##### INFORMATION SHOWN #####

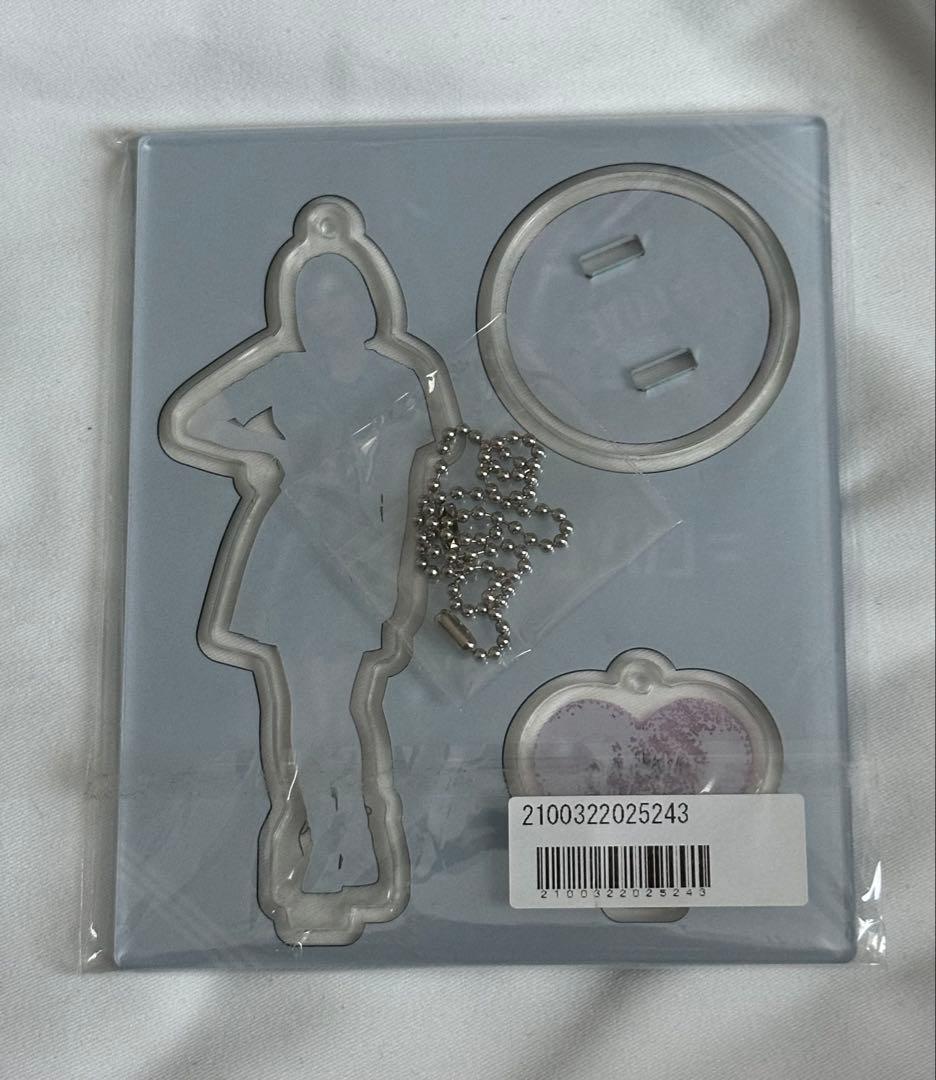 =LOVE イコラブ　アクリルスタンド　佐々木舞香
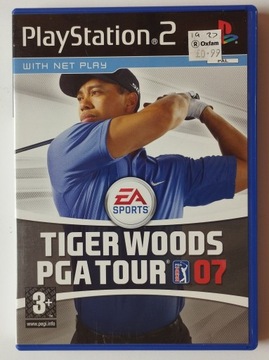 Gra TIGER WOODS PGA TOUR 07 Sony PlayStation 2 (PS2)
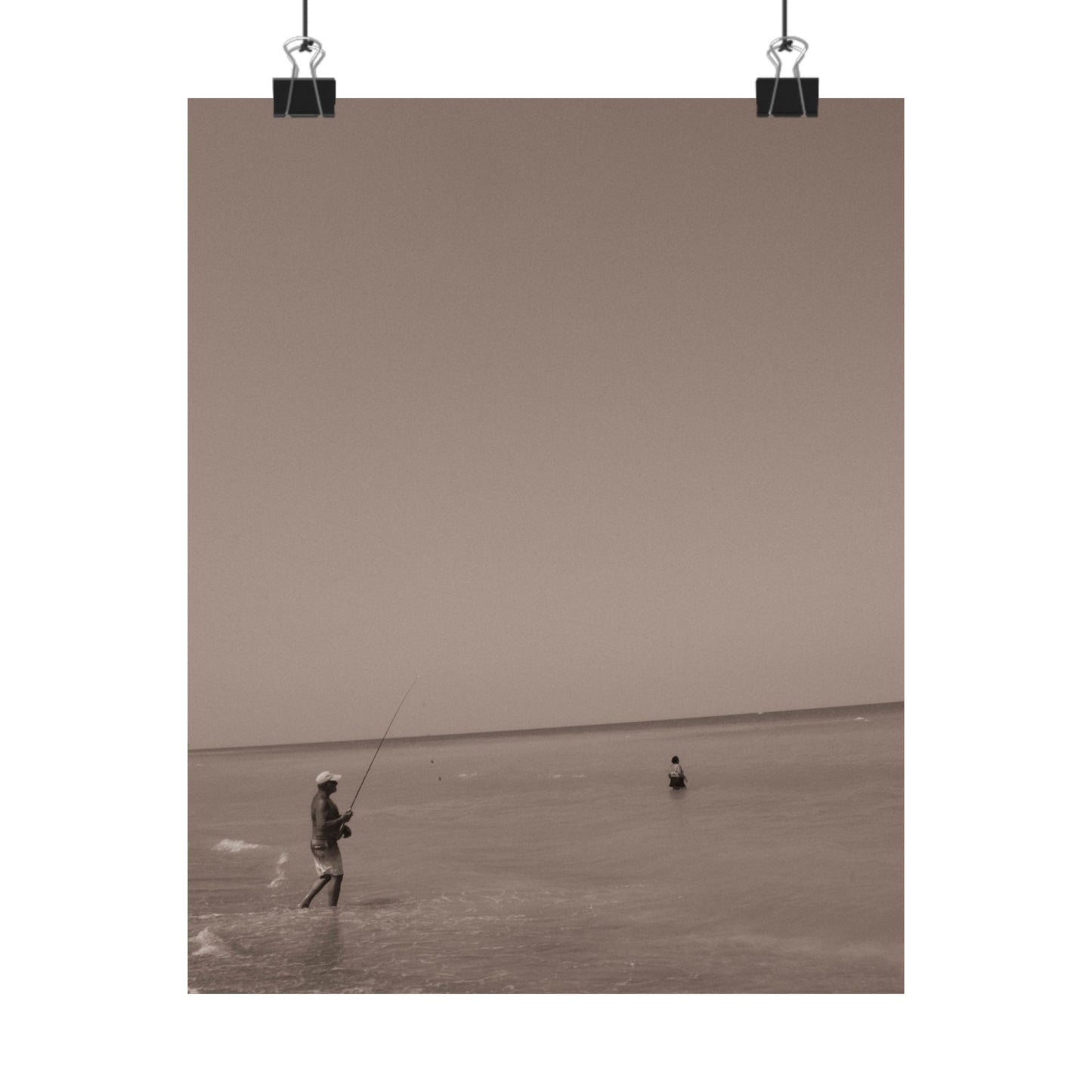 The fisherman's Wife Matte Vertical Posters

#####

▸ **DIRECTIONS**:
Each line of the listing is to be retyped exactly, and its pictures are to be dropped.

▸ **WRITTEN RESPONSE**:
 =LOVE イコラブ　アクリルスタンド　佐々木舞香
 Gra TIGER WOODS PGA TOUR 07 Sony PlayStation 2 (PS2)
 The fisherman's Wife Matte Vertical Posters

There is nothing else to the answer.